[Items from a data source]
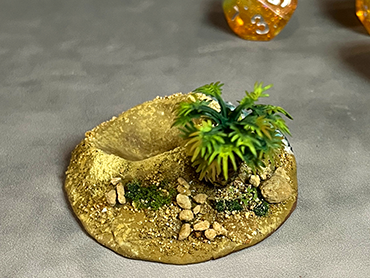 Tropical Island - Dice Display (Small Size)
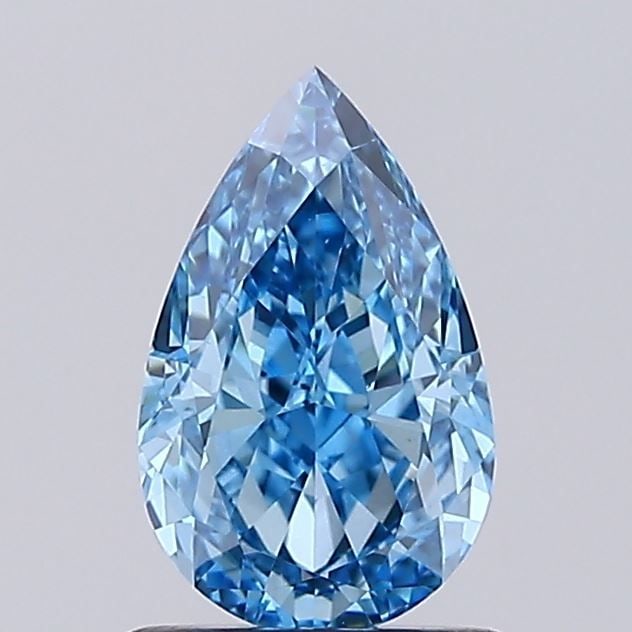 Loose Diamond - PEAR 1.32ct Fancy Vivid Blue VS1: Loose Diamond - PEAR 1.32ct Fancy Vivid Blue VS1 Source: This is a real non-mined Diamond that has been grown in a lab Shape: PEAR Carats: 1.32 Color: Fancy Vivid Blue Certification: IGI Video:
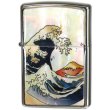 Photo1: Zippo Ukiyoe Wave Mt.Fuji Shell Plate Epoxy Resin Coating Japan Limited Oil Lighter (1)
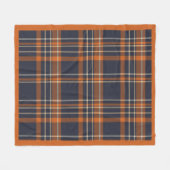 Couverture Polaire Rustique Noël plaid Blanche polaire (Devant (Horizontal))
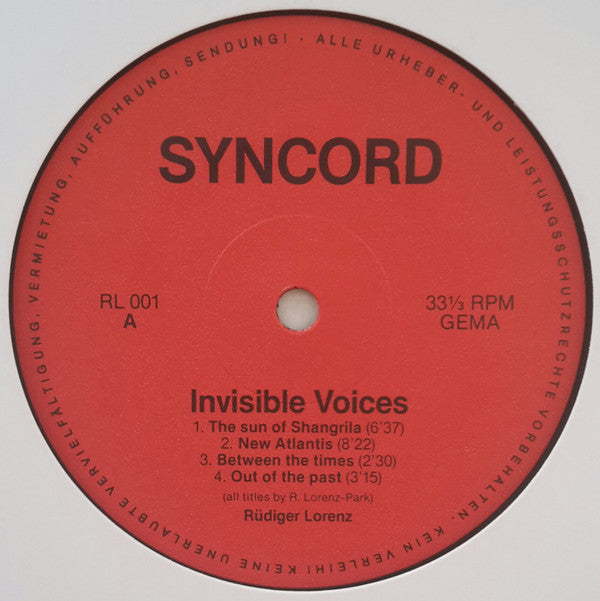 Rüdiger Lorenz : Invisible Voices (LP)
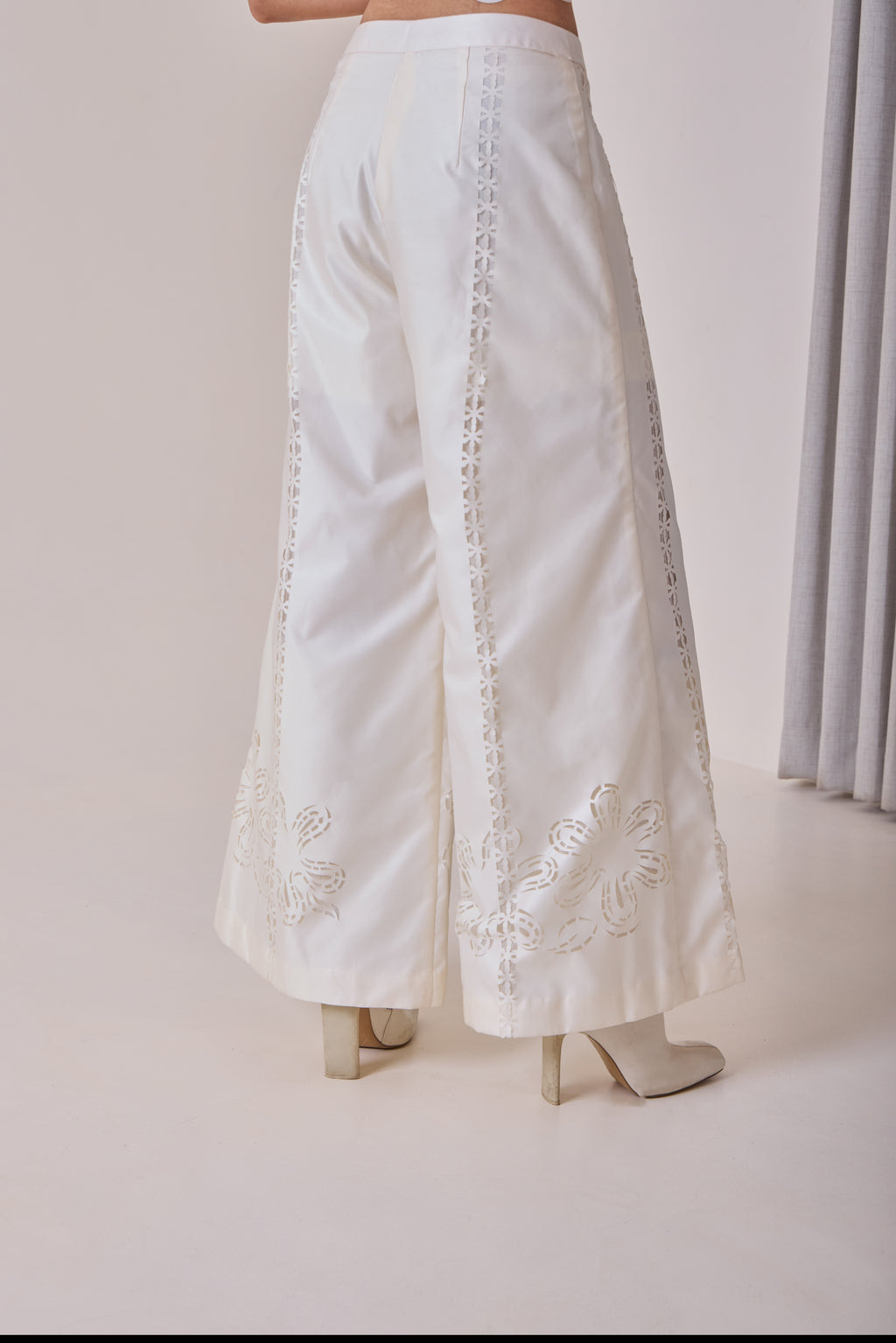 Pearl Cut-Work Pants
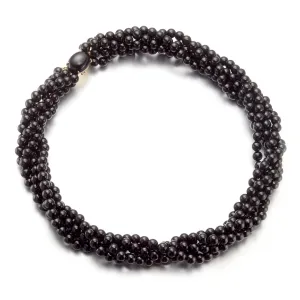 Black Jade 5-Strand Twist Necklace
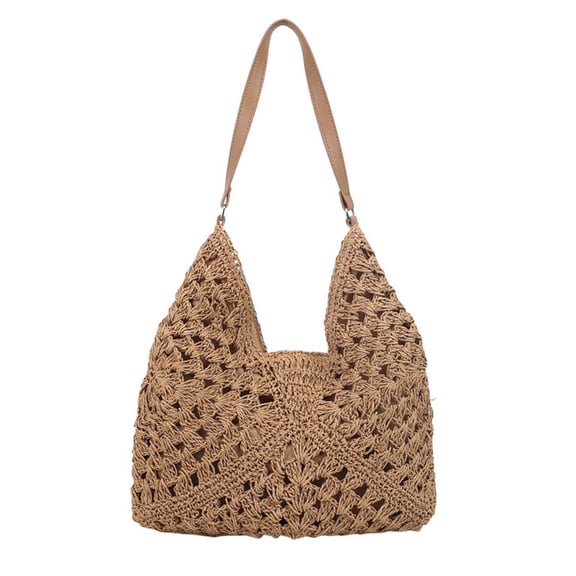 2026 Fasion Large Capacity Woven Shoulder Bag for Beach Casual Outing and Daily Commute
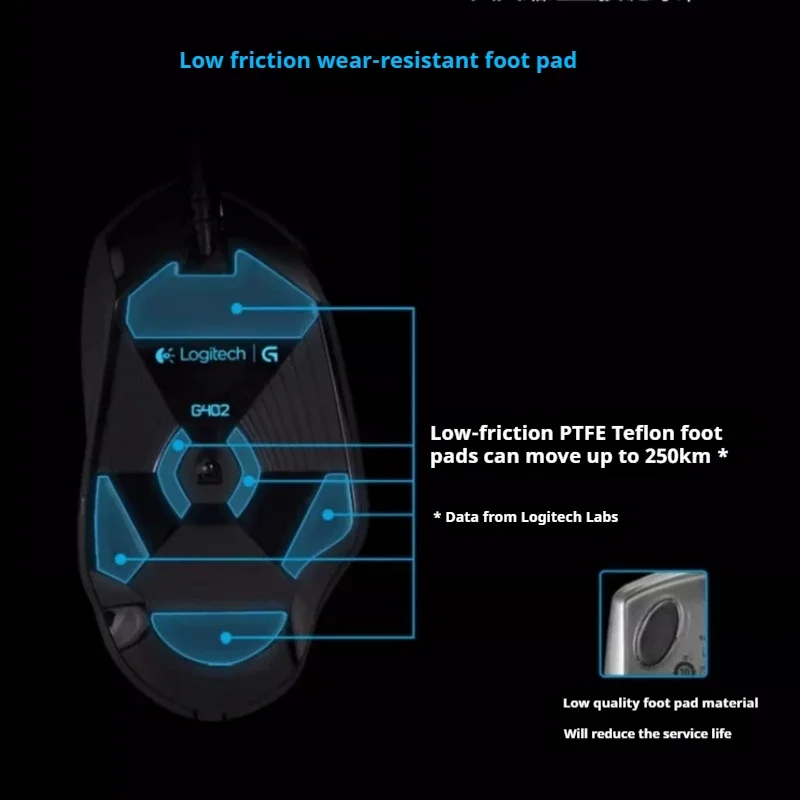 LogitechMX Anywhere 3/ G402/G305/G304 Wired Usb Gaming Mouse With Breathing Light  For Mouse Gamer Competitive Gaming Mouse Log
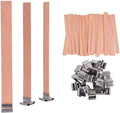 PXBBZDQ 200 PCS Wood Wicks for Candles Making 0.5" X 5.9" Crackling Wooden Candle Wick for Soy Candle Making,Long Woodwick 100 Sets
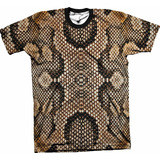 Camiseta  Estampa Cobra Animal Print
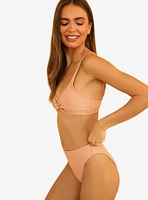 Dippin' Daisy's Seashore Swim Bottom Peach Ribbed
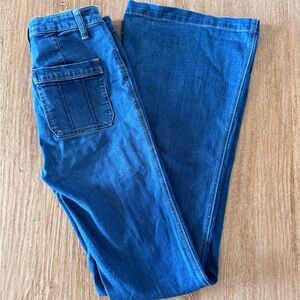Abercrombie and fitch flare jeans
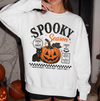 Spooky Season Cat & Pumpkin Sweatshirt or T-Shirt, DTG Printed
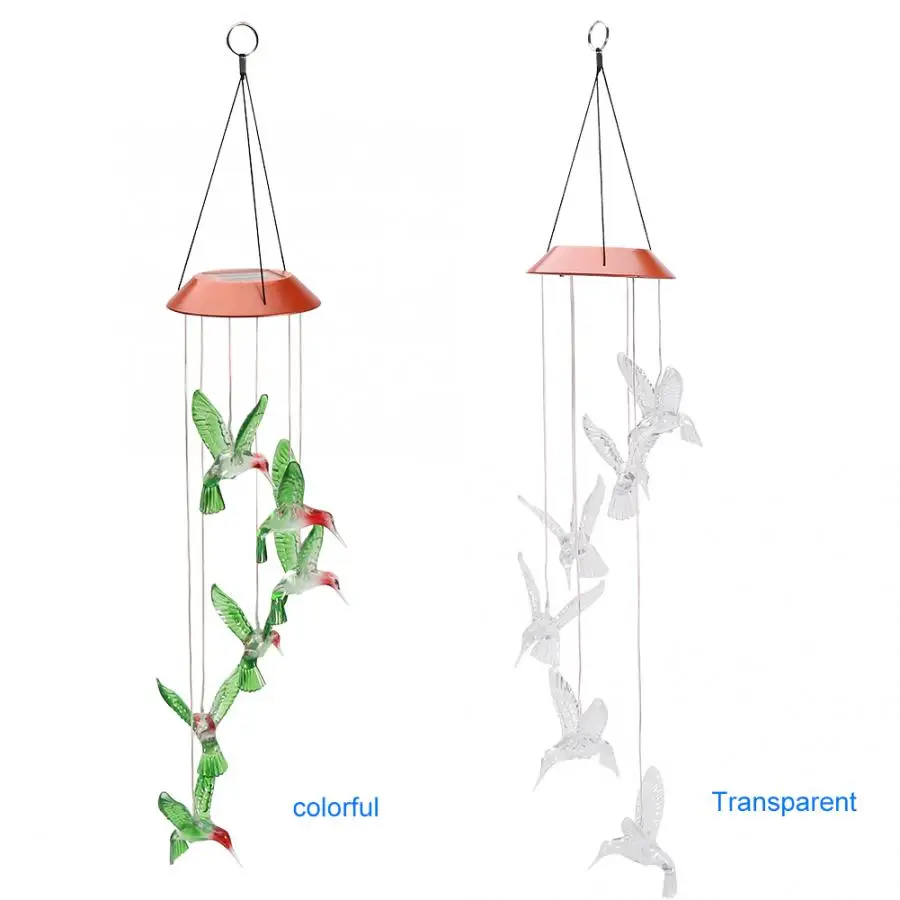 Светодиодный колокольчик меняющий цвет на солнечной энергии для улицы|Ловцы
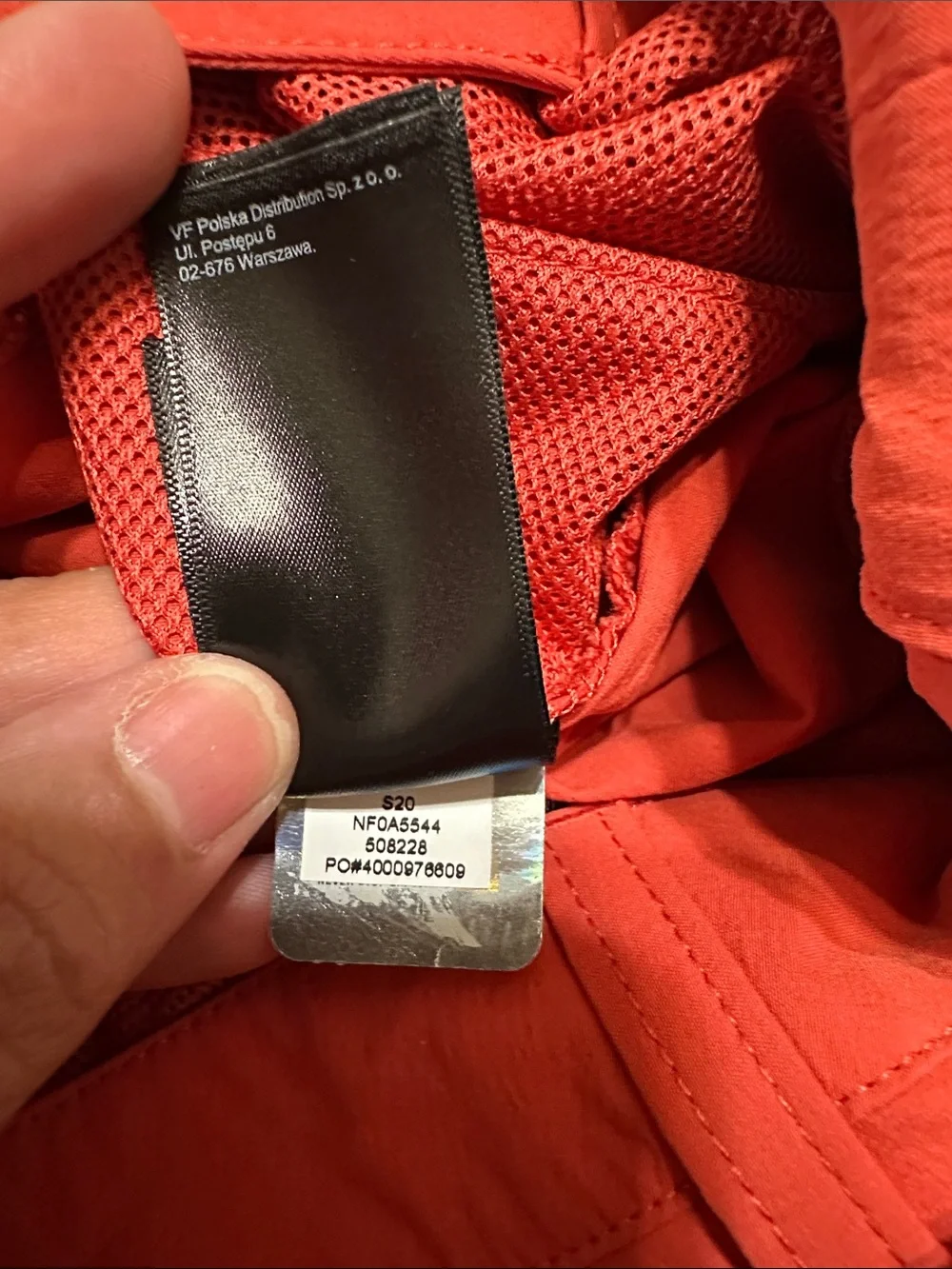 The North Face Men's Orange Red Hybrid Shorts - 34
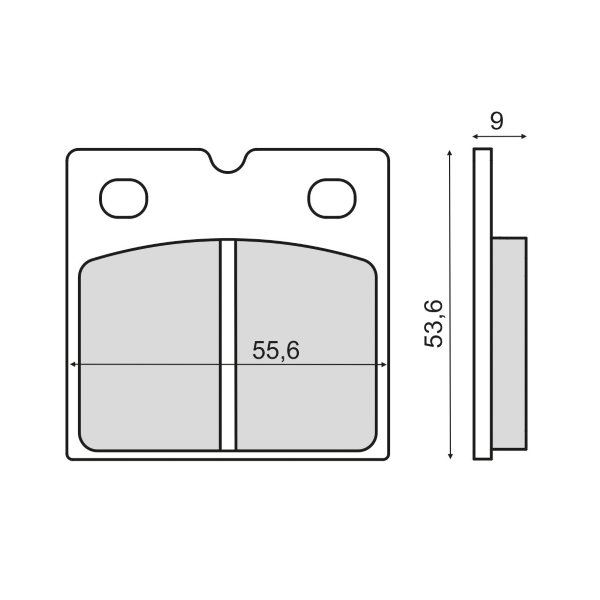 Plaquettes de Frein Organiques RMS Bmw R45 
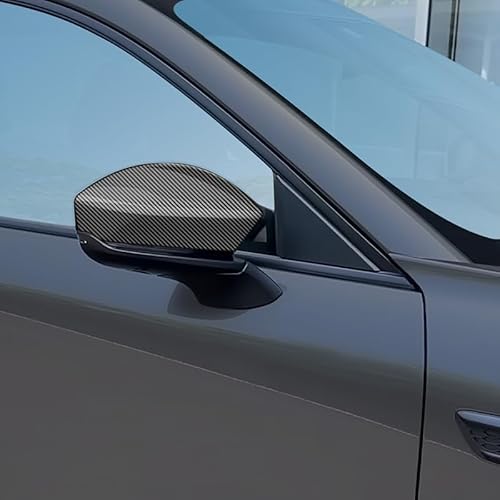 TADOKAPATU マツダ CX-60 専用 ドアミラーカバー サイドミラーカバー ドアミラーガーニッシュ エアロパーツ カスタム外装パーツ ABS樹脂製 2PCS マツダ 新型 CX-60 2022年?【カーボン調】CX60-HSJGK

» Instructions for the task
With the pictures removed from your copy, retype the lines above from the one that contains "Dippin' Daisy's Seashore" through the one that contains "Plaquettes de Frein Organiques RMS Bmw R45", exactly.

» Response
 Dippin' Daisy's Seashore Swim Bottom Peach Ribbed
Abercrombie and fitch flare jeans
 Spooky Season Cat & Pumpkin Sweatshirt or T-Shirt, DTG Printed
 Светодиодный колокольчик меняющий цвет на солнечной энергии для улицы|Ловцы
 The North Face Men's Orange Red Hybrid Shorts - 34
 Plaquettes de Frein Organiques RMS Bmw R45 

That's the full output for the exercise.